The White Rose murders srs-1
Page 2
The Sweating Sickness took my father; at least, that's what my mother said. Someone else claimed his weaving trade collapsed and he ran away to be a soldier in the Low Countries. Perhaps the sight of me frightened him! I was the ugliest of children and, remembering my fair-haired mother, must have owed my looks to Father. You see, I was born a month late, my head covered in bumps, one of my eyes slightly askew from the rough handling of the midwife's instruments. Oh, Lord, I was so ugly! People came up to my cot ready to smile and chuckle, they took one look and walked away mumbling condolences to my poor parents.

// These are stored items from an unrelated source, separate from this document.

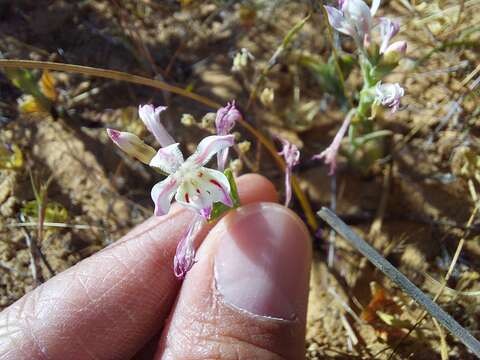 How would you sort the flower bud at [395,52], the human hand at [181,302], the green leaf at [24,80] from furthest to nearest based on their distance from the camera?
the green leaf at [24,80]
the flower bud at [395,52]
the human hand at [181,302]

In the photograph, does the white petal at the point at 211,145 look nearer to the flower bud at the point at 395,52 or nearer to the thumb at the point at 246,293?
the thumb at the point at 246,293

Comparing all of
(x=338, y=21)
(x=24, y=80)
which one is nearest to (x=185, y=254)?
(x=338, y=21)

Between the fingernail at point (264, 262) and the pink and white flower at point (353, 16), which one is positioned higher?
the pink and white flower at point (353, 16)

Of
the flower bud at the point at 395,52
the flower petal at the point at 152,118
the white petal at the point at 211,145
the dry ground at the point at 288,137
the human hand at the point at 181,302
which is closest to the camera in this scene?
the white petal at the point at 211,145

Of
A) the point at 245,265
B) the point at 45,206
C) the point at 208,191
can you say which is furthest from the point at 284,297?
the point at 45,206

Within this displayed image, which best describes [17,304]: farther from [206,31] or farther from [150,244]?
[206,31]

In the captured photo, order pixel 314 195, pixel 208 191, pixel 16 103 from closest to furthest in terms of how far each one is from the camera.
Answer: pixel 208 191 → pixel 314 195 → pixel 16 103

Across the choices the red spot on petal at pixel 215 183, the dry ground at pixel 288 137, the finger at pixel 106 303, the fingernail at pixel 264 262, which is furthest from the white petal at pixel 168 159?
the dry ground at pixel 288 137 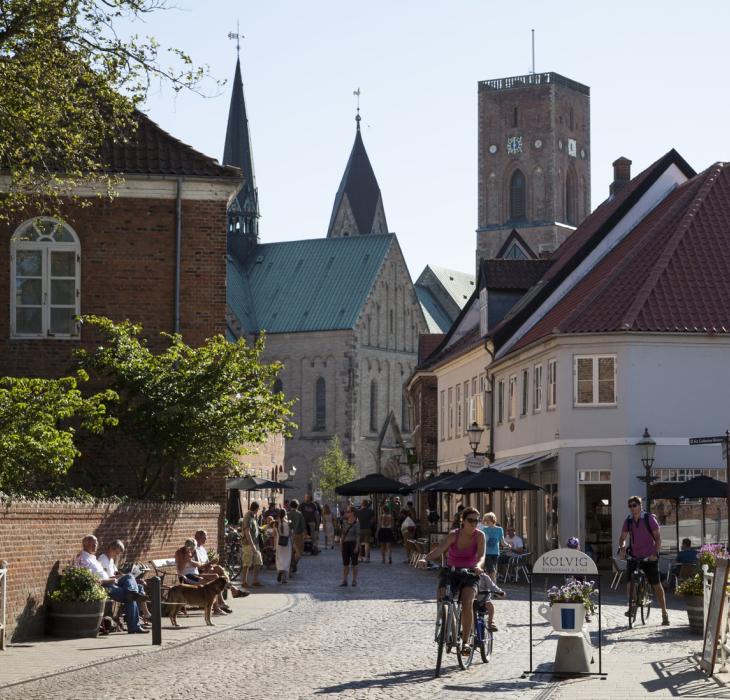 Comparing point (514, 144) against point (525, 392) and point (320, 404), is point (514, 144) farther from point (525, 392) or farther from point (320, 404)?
point (525, 392)

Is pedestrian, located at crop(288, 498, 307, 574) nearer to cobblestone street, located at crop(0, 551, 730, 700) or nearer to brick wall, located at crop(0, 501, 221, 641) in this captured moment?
brick wall, located at crop(0, 501, 221, 641)

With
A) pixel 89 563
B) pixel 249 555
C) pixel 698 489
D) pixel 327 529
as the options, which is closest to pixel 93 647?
pixel 89 563

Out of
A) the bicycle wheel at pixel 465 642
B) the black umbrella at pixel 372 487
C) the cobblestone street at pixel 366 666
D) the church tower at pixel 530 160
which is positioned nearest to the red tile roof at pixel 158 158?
the cobblestone street at pixel 366 666

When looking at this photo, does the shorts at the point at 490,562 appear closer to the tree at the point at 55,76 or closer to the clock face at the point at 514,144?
the tree at the point at 55,76

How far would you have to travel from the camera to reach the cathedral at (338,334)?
107 m

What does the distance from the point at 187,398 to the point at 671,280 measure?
50.2ft

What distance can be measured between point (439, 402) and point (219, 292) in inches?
1156

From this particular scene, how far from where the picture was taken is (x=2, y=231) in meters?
27.7

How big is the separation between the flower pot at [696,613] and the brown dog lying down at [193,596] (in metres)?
6.12

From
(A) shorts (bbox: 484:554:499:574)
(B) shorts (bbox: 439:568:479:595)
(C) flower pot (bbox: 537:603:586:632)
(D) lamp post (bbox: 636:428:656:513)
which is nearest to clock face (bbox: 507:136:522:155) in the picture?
(D) lamp post (bbox: 636:428:656:513)

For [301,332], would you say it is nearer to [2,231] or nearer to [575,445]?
[575,445]

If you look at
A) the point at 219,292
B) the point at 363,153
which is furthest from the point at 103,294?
the point at 363,153

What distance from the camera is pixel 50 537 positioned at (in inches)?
766

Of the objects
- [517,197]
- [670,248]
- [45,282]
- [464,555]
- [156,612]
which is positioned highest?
[517,197] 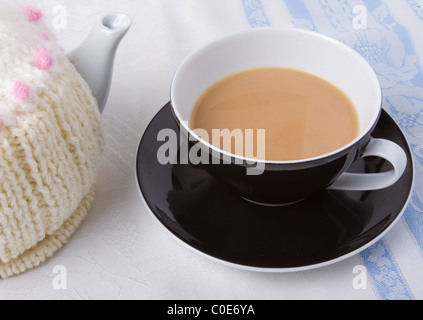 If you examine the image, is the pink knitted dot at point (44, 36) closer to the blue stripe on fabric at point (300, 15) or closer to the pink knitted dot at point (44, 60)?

As I grew older and learnt to stagger about, free of my swaddling clothes, the loud-mouthed traders along the wharves used to call out to my mother:
'Here, Mistress, here! A cup of wine for yourself and some fruit for your monkey!'
Well, when Father went, Mother moved on, back to her own family in the rich but boring town of Ipswich. She assumed widow's weeds though I often wondered if my father did flee, swift as a greyhound from the slips as Master Shakespeare would put it. (Oh, yes, I have patronised Will and given him what assistance I could in the writing and the staging of his plays.) Anyway, when I was seven, Mother became friendly with a local vintner and married him in the parish church – a lovely day.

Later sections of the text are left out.